→ About this exercise: Give back the whole listing verbatim, printing none of its pictures.

→ Data below:
***
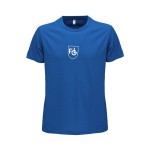Maglia retrò Danimarca 86 - rossa bambino Maglia retrò Danimarca 86 - rossa bambino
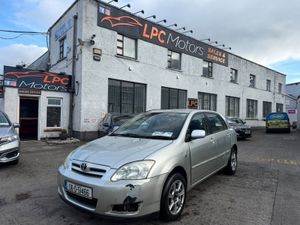 Toyota Corolla 2006 Automatic - Image 2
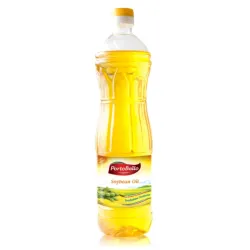 Aceite de soya 1 litro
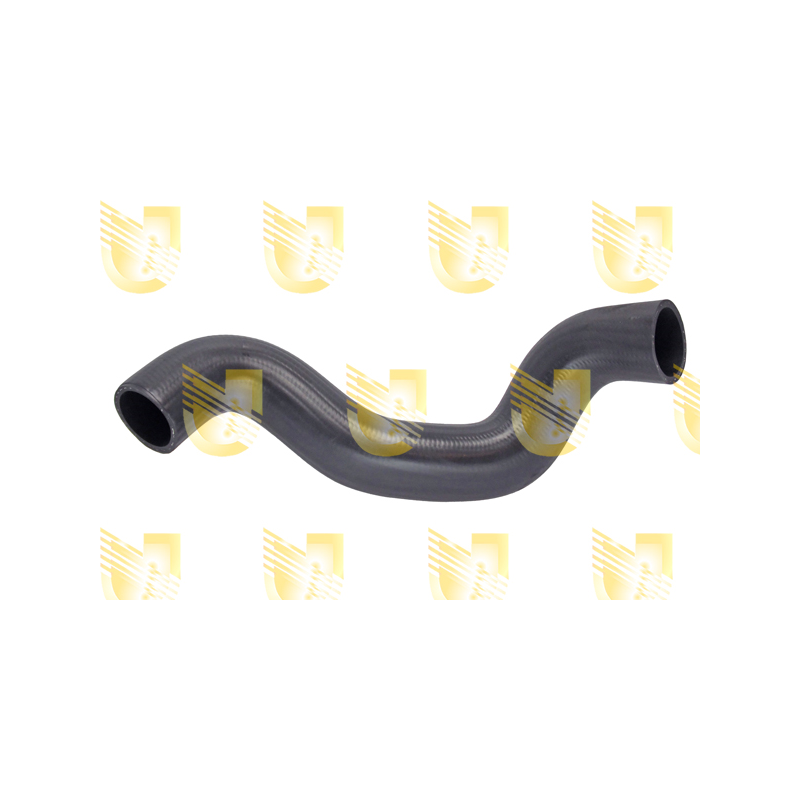 Flessibile aspirazione turbocompressore - UNIGOM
***
→ Solved exercise:
Maglia retrò Danimarca 86 - rossa bambino Maglia retrò Danimarca 86 - rossa bambino
 Toyota Corolla 2006 Automatic - Image 2
 Aceite de soya 1 litro
 Flessibile aspirazione turbocompressore - UNIGOM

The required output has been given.